From: Ken Paul Rosenthal (email suppressed)
Date: Thu Oct 29 2009 - 14:40:53 PDT
i've done an extensive amount of experimentation with burying over the years--in soil and sand--as well as composting--berries, herbs, seaweed, etc. while i've primarily worked with a processed image, i've also used black (acetate) leader which has emulsion.
apart from whatever differences camera stock vs processed film could offer you just in terms of their materiality, i suggest that you simply base your 'need' on whether or not you wish to manipulate apre-shot image or produce a purely abstract one.
in regard to how long to bury the film, the degree of moisture and texture of the ground are most critical. regarding the latter, for example, if you bury it in sand vs soil, the latter may evidence a finer texture. experiment with small pieces first. and i generally found slightly damp conditions to be 'optimal' with a burying period of just 3 days.

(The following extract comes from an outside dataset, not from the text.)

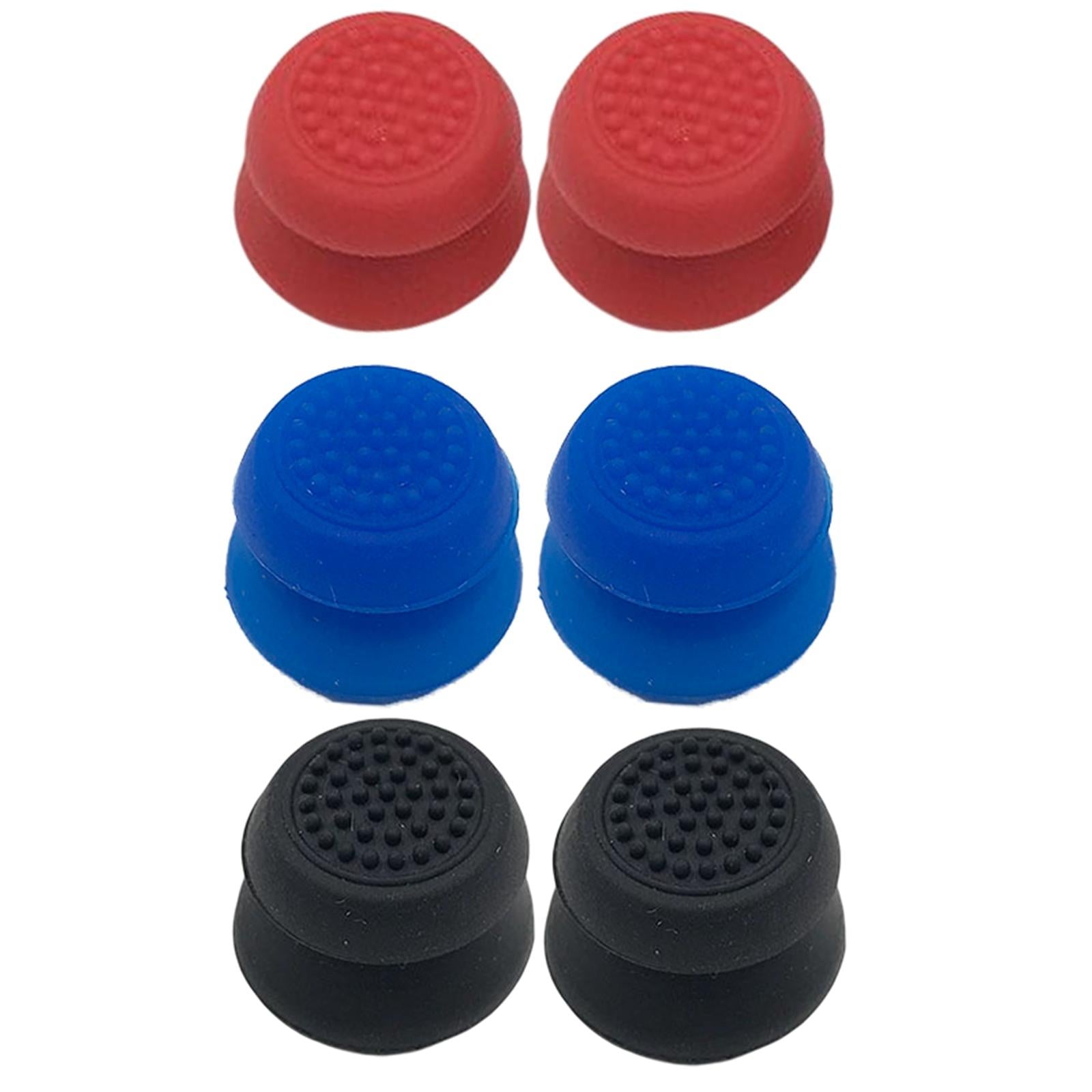 2 Pieces Raised Thumb Stick Grip Thumbsticks Caps for Xbox360 Controller Red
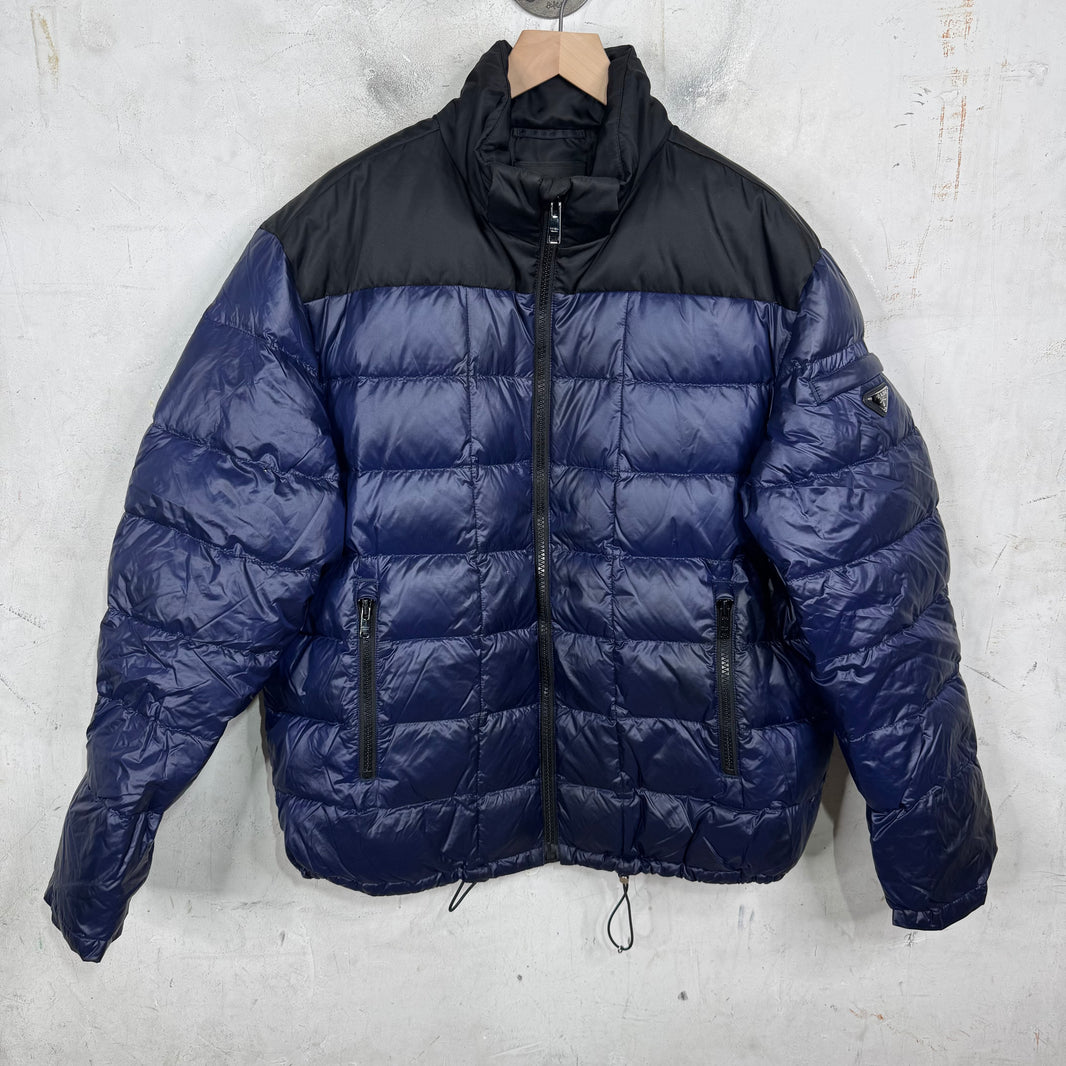 Prada Navy Puffer Jacket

when you remove it, i suggest not pulling it out like a bird pulls a worm. the emulsion will be so soft, the image will squeegee right off. instead, dig around it, cup your hands and pull out the surrounding area. don't wash it, because everything will slide right off. let it dry in the sun or blow dry it--then wash it. in my experience, it won't wash off the second time it's dampened.
lastly, it's easy to forget where one buries the film! i used to make a little marker from a short section of coat hanger and flag the top inch with white paper tape. be careful at the ocean! the tide will snatch your film! even if you bury it 3 feet down, 50 yards from the shoreline! oh--and don't leave flags where people might step on them.